Farklı bir coğrafyada hayata yeniden başlayan Linda için iki şey çok önemli: Hayattan her zaman bir şeyler öğrenebiliriz ve insan hata yaparak birşeyler öğrenir. Linda “Hata yok ders var.” diye de ekliyorç. Linda çalışanlarına bu amaçla haftanın iki günü İngilizce dersi anlatması için de hoca tutmuş. Gözlemlerimden çıkardığım kadarıyla da çalışanlarına karşı da anlayışlı bir patron olan Linda, bu nedenle bütün ürünlerinin mutlu olduğunu vurguluyor. Linda, Amerika'da olmayışının kendisi için kayıp olmadığının da farkında. Linda, gelecek için planların var mı soruma ise yok diye cevap veriyor. Çünkü ürünlerini yurtdışına pazarlamayı veya yurtiçinde başka dükkanlara satmayı düşünmüyor.
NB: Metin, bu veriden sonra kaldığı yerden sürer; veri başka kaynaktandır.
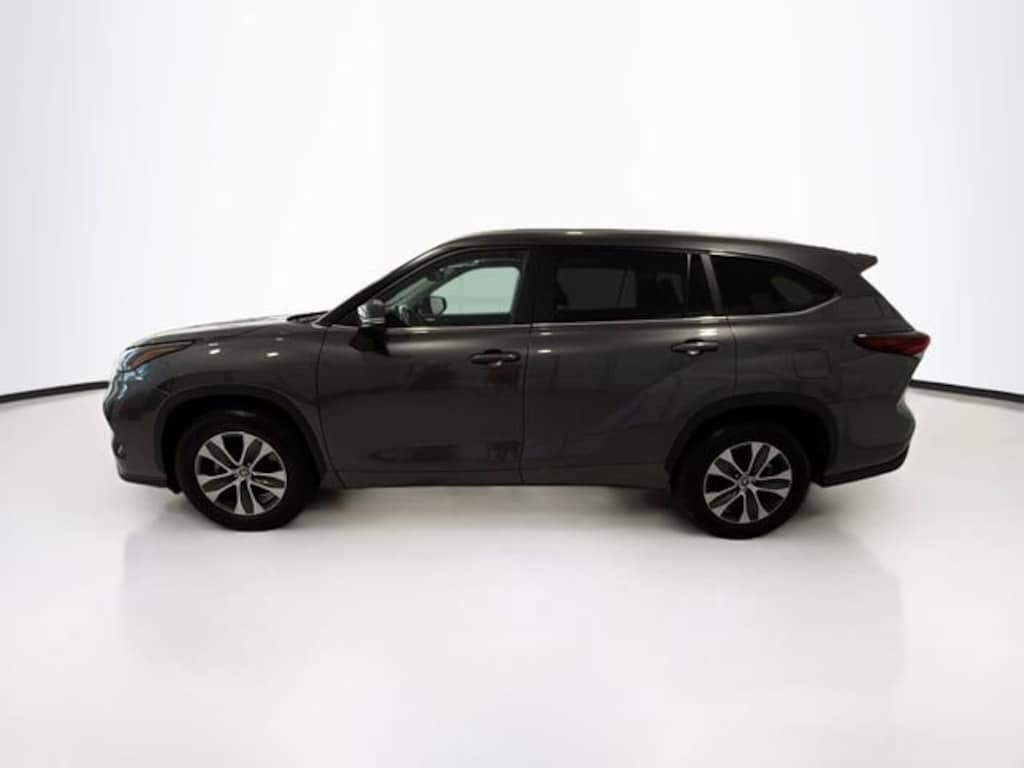 Certified 2025 Toyota Highlander XLE SUV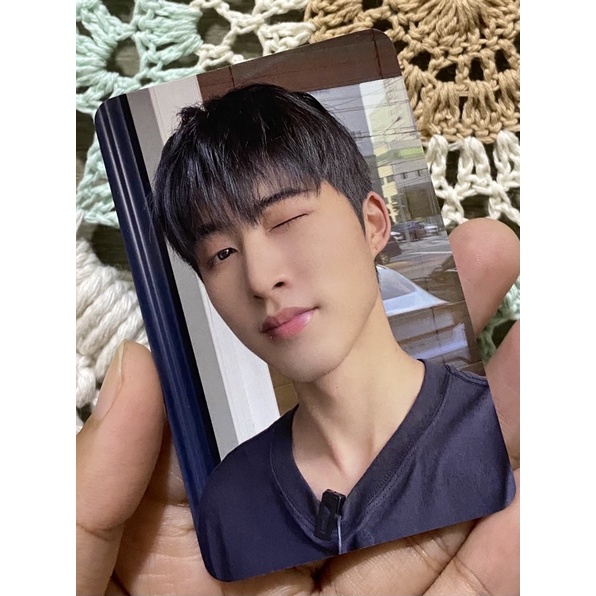 B.I OFFICIAL PHOTOCARD 🆔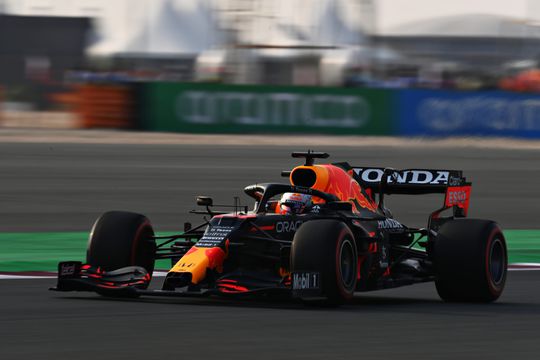 Verstappen eindigt achter Hamilton, Bottas de snelste in laatste vrije training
Hem hepsi elde üretildiği için, hem de ürünlerine çok değer verdiği için kendisi satmayı tercih ediyor. Ayrıca "İnsanlar çok ucuz şeyler arıyor, anlayabiyorum. Ancak ürünlerimiz el sanatı olduğu için çok ucuza satamıyoruz." diyor.
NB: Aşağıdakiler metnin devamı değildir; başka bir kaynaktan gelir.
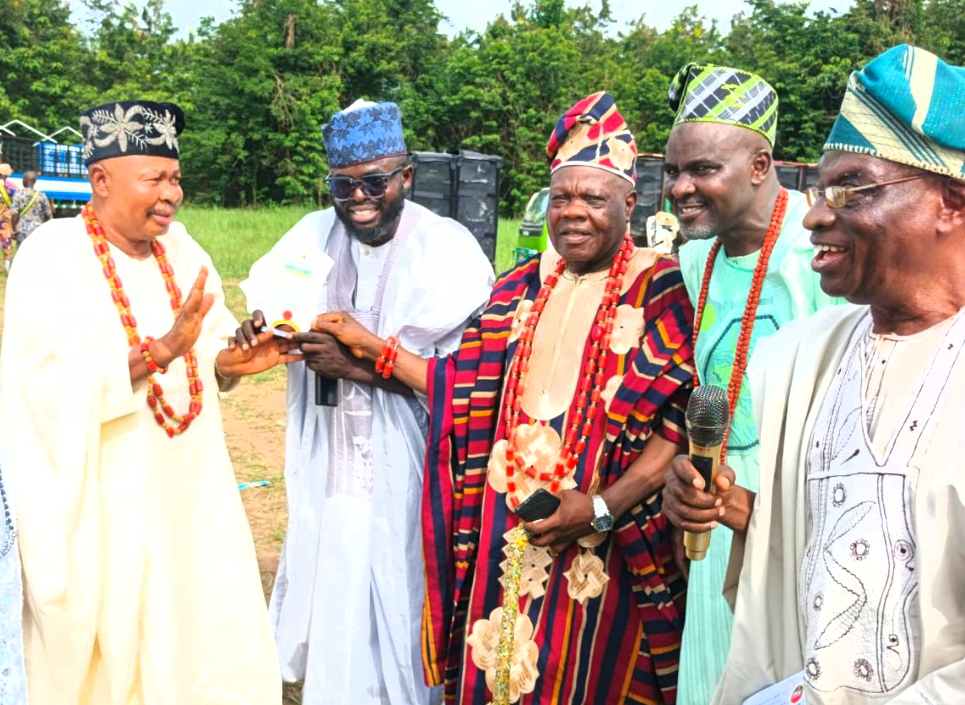 Council Of Baales Honours Hassan Giwa With Religious Harmony, Humanity Award Council Of Baales Honours Hassan Giwa With Religious Harmony, Humanity Award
“İSTANBUL SEVGİM KELİMELERE SIĞMAZ”

İstanbul'a ve ülkemize bağlanan Linda'ya bu sevginin kaynağını soruyoruz. “Ülkenizin güzelliğini anlatmam için saatlerce konuşmam gerekiyor.” diyor. Ancak işlerinin yoğunluğundan dolayı şu sıralar pek gezemediğini, ürün almak için ve daha kaliteli işler ortaya koymak için sürekli çalıştığını fazla tatil yapamadığını da dile getiriyor. İstanbul'dan başka beğendiği yerleri soruyoruz:. O da şöyle cevap veriyor: "Her ilde çok değişik şeyler buluyorum. Ama, Amasya bambaşka. tatil yapmak için Van'ı, İznik'i, Amasya'yı tercih ediyorum." Linda gerçekten keyifli, enerji ve hayat dolu, sürekli gülümseyen bir kadın ayrıca çalışanlarının da gözbebeği.